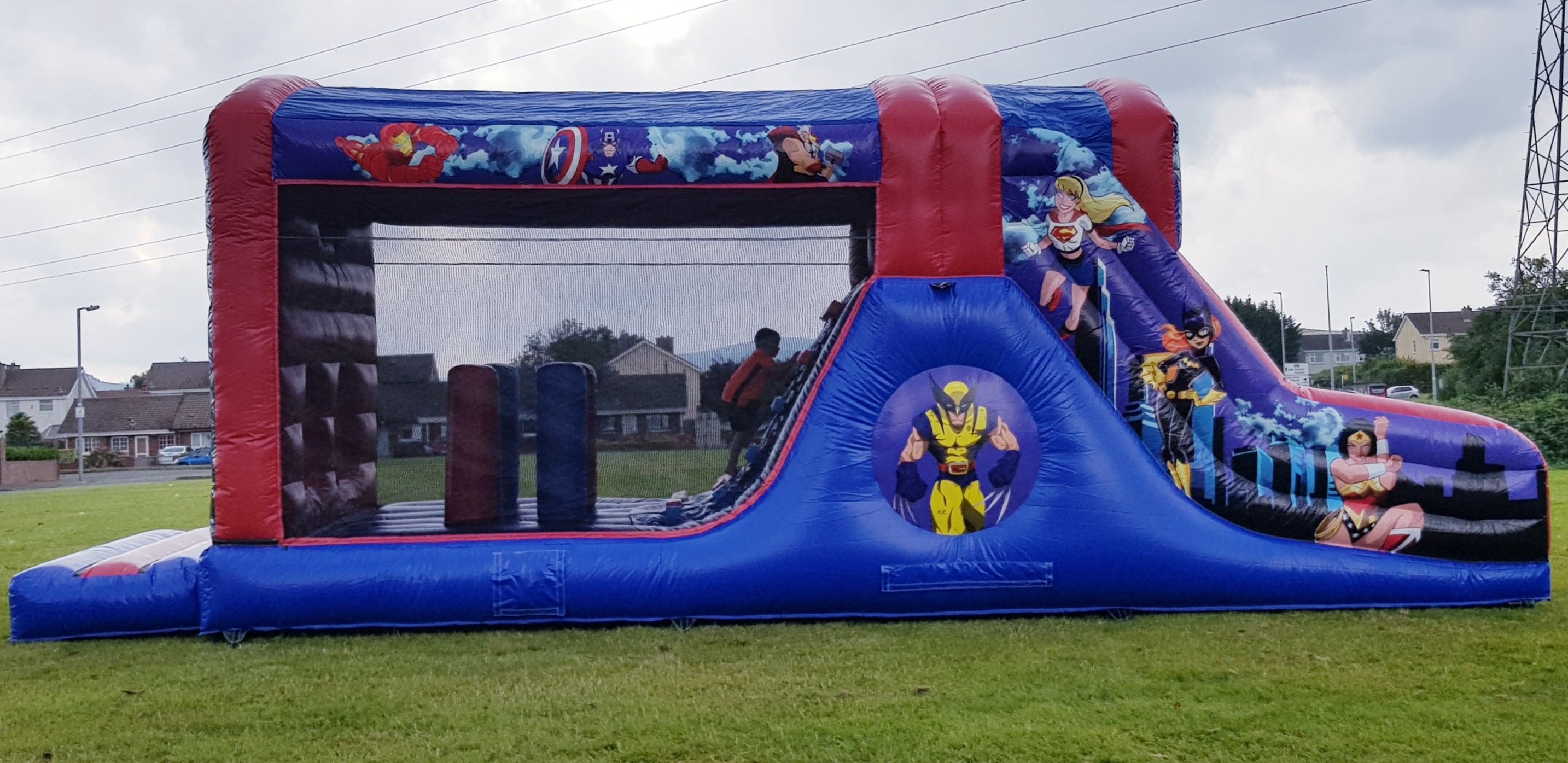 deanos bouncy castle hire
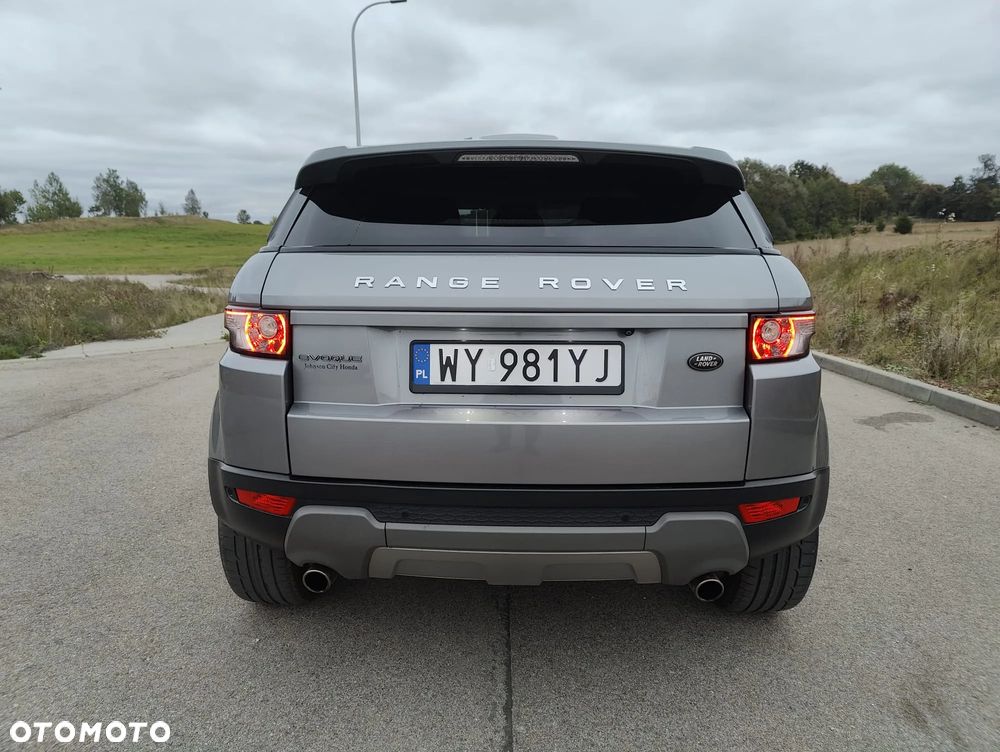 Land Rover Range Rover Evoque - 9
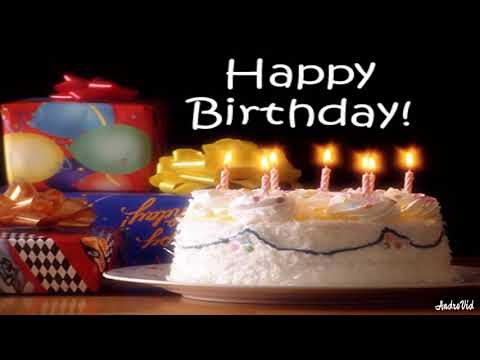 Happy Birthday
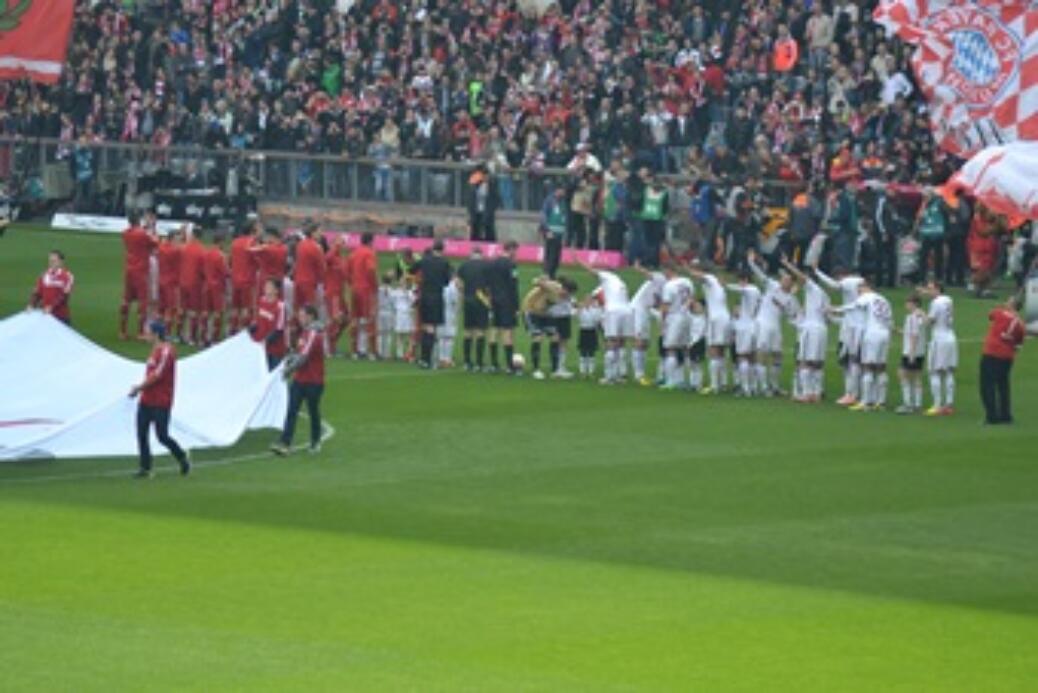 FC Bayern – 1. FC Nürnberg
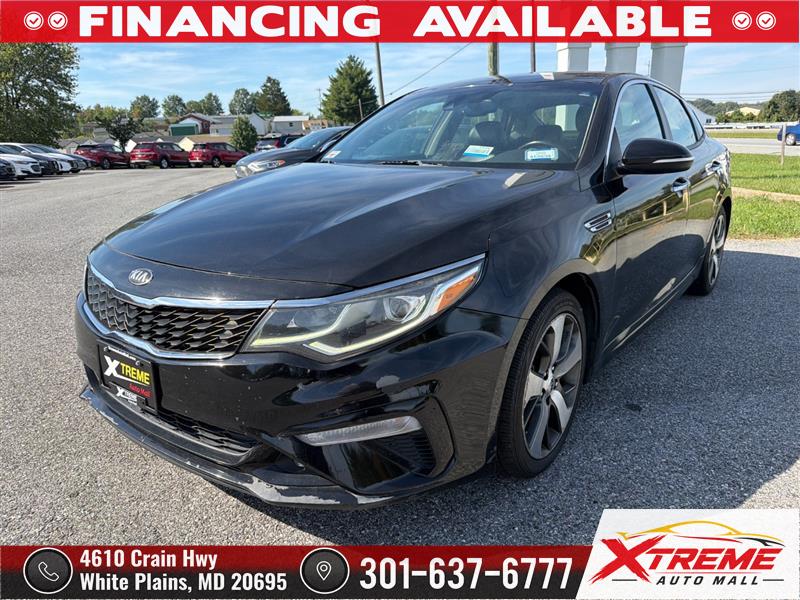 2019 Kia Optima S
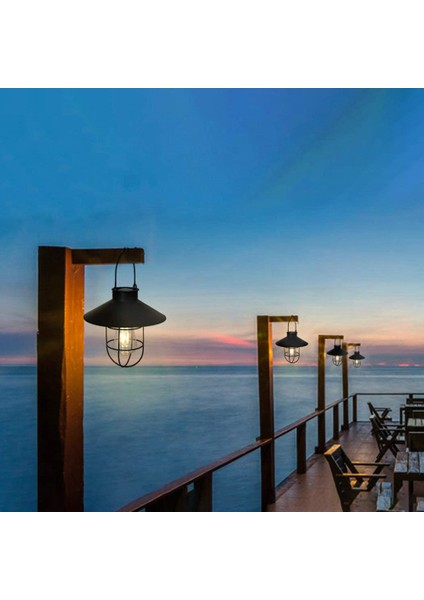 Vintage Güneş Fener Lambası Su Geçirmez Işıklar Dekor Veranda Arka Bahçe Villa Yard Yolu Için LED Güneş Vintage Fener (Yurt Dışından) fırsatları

+++

• **DIRECTIONS**
Write out exactly the lines from the line containing "FC Bayern – 1. FC Nürnberg" through the last line of the listing above, please, and leave out any pictures.

• **RESULT OF THE TASK**
 FC Bayern – 1. FC Nürnberg
 2019 Kia Optima S
 Vintage Güneş Fener Lambası Su Geçirmez Işıklar Dekor Veranda Arka Bahçe Villa Yard Yolu Için LED Güneş Vintage Fener (Yurt Dışından) fırsatları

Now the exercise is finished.